Pure Mathematics Seminars Abstracts 1998
Ilijas Farah
September 16th 1998
In his 1959 book of problems, S.Ulam has suggested study of the "stability" of mathematical objects in a rather broad sense. In particular, he asked for which compact metric groups the "approximate automorphisms" are near to strict automorphisms. I will give some answers to this, and discuss the related questions. In particular, I will relate "instability" with the existence of pathological submeasures.
Mirna Dzamonja
October 12th 1998
The notion of universality appears in various branches of mathematics, and is a very natural one. Studying this notion from the abstract point of view, inside of model theory, we arrive to the problem of classifying first order theories according to how well they admit the existence of a universal model.
By some classical results in model theory, the question does not make much sense in the presence of GCH (a set theoretic axiom claiming that the cardinal arithmetic is as simple as it can be), so one is forced to work with independence results. After explaining the general methods, we shall see how all this can be applied to a problem from functional analysis, namely that of the existence of a universal uniform Eberlein compactum.
Peter Collins
November 2nd 1998
The talk will concern a central problem in topology and will be partly historical. Some theorems encompassing much of what has gone before will be presented and some hard unsolved problems discussed. The talk is designed to be accessible to the non-specialist mathematician.
Stephen Power
November 6th 1998
Inclusions of complex matrix algebras (Mn → Mm) are determined up to similarity by one statistic - multiplicity. It follows that locally matricial algebras are determined up to isomorphism by the generalised integer coming from the multiplicities of a subalgebra chain. This data (which is essentially K0 data) is only a partial invariant for locally finite algebras and it is of interest to determine additional classifying invariants, which of course have their origins in finite dimensional inclusions. I shall talk about the general problem area, which is motivated in part by the analysis of approximately finite operator algebras, and I shall focus in particular on certain sparse matrix algebras, and the classification of their inclusions.
Dan Segal
December 7th 1998
I'll try to explain what profinite groups are and why one wants to know about their closed subgroups. I'll talk about recent progress on an old problem about subgroups of finite index in finitely generated profinite groups: are they open?
Vladimir Bavula
December 14th 1998
Let K be an algebraically closed field of characteristic zero.
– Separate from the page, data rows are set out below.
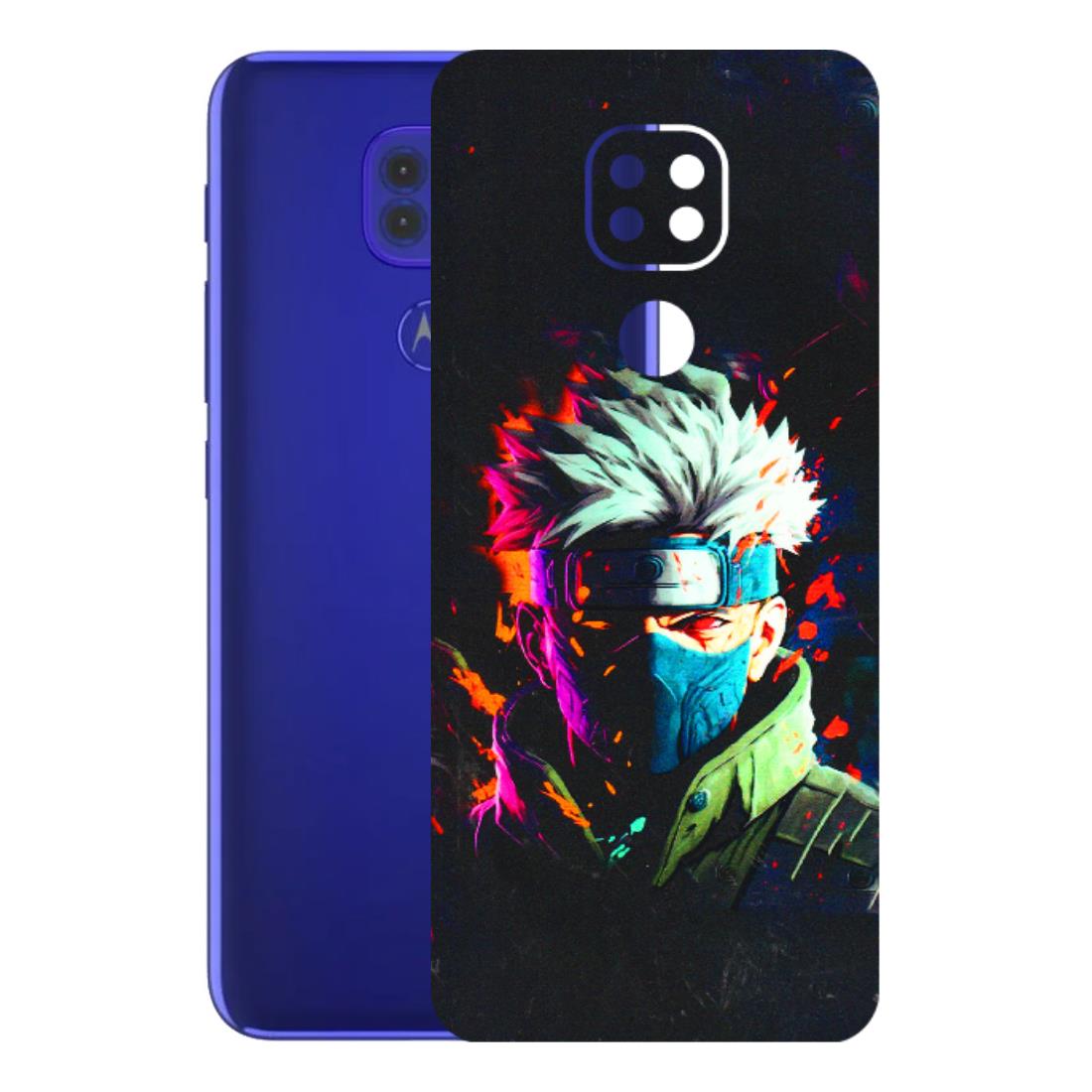 Motorola Phone Skins (All Models) - Anime Cool Character - 3D Embossed Finish (L-59) Motorola Moto G9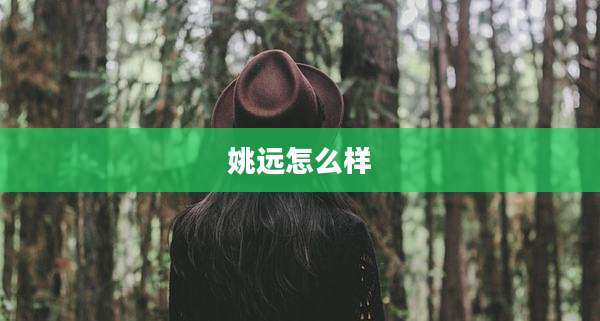 姚远怎么样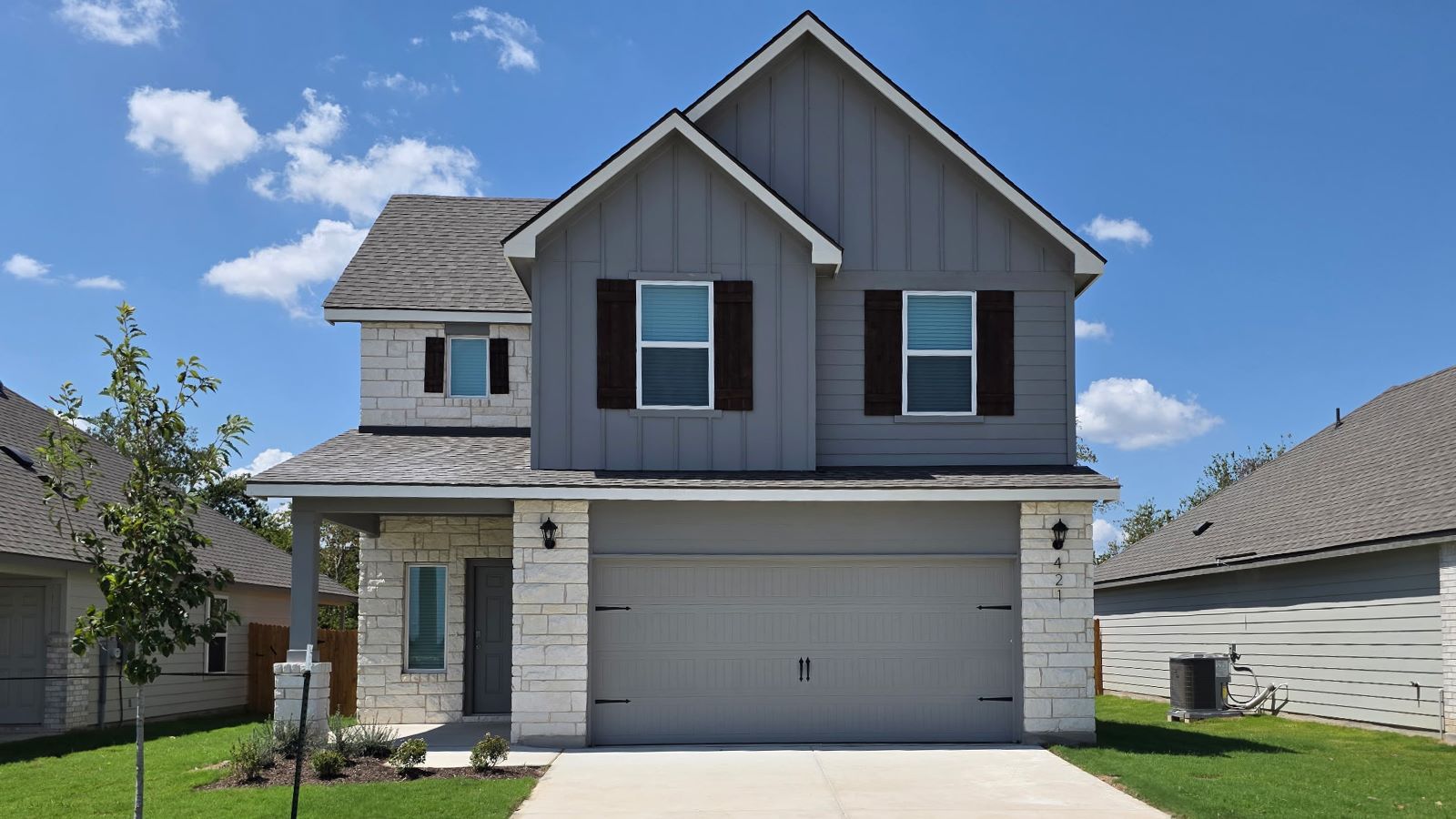 Emma Front Exterior F Elevation.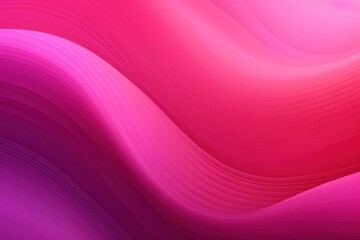 Magenta gradient wave pattern background with noise texture and soft surface 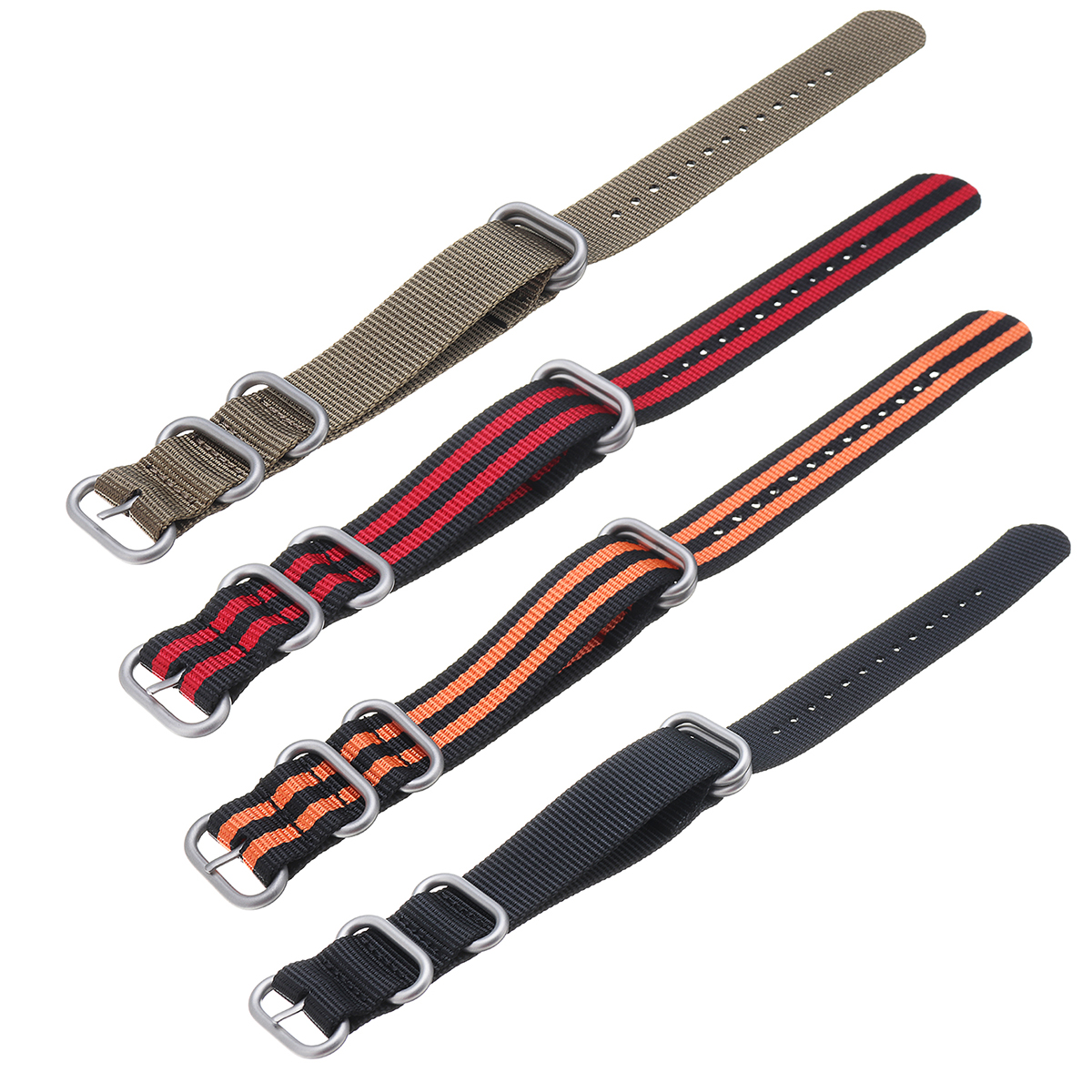 KALOAD-18202224mm-Multicolor-Durable-Smart-Watch-Band-Military-Nylon-Bracelet-Strap-Replacement-1441379-2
Let Λ be the ring of (K-linear) differential operators with coefficients from a regular commutative Noetherian affine domain of Krull dimension 2 which is the tensor product of two regular commutative Noetherian affine domains of Krull dimension 1. A typical example is the second Weyl algebra A2 ≅ K[X1, X2, ∂/∂X1, ∂/∂X2]. The Gelfand-Kirillov dimension of a simple Λ-module is either 2 or 3. In the first case such a Λ-module is called holonomic.
The aim of the talk is to give a description (a classification) of simple holonomic Λ-modules. Basic results on differential operators, Gelfand-Kirillov dimension and localizations will be explained (recalled). As a consequence a classification of simple modules over the ring of differential operators with coefficients from a regular commutative Noetherian affine domain of Krull dimension 1 will be given.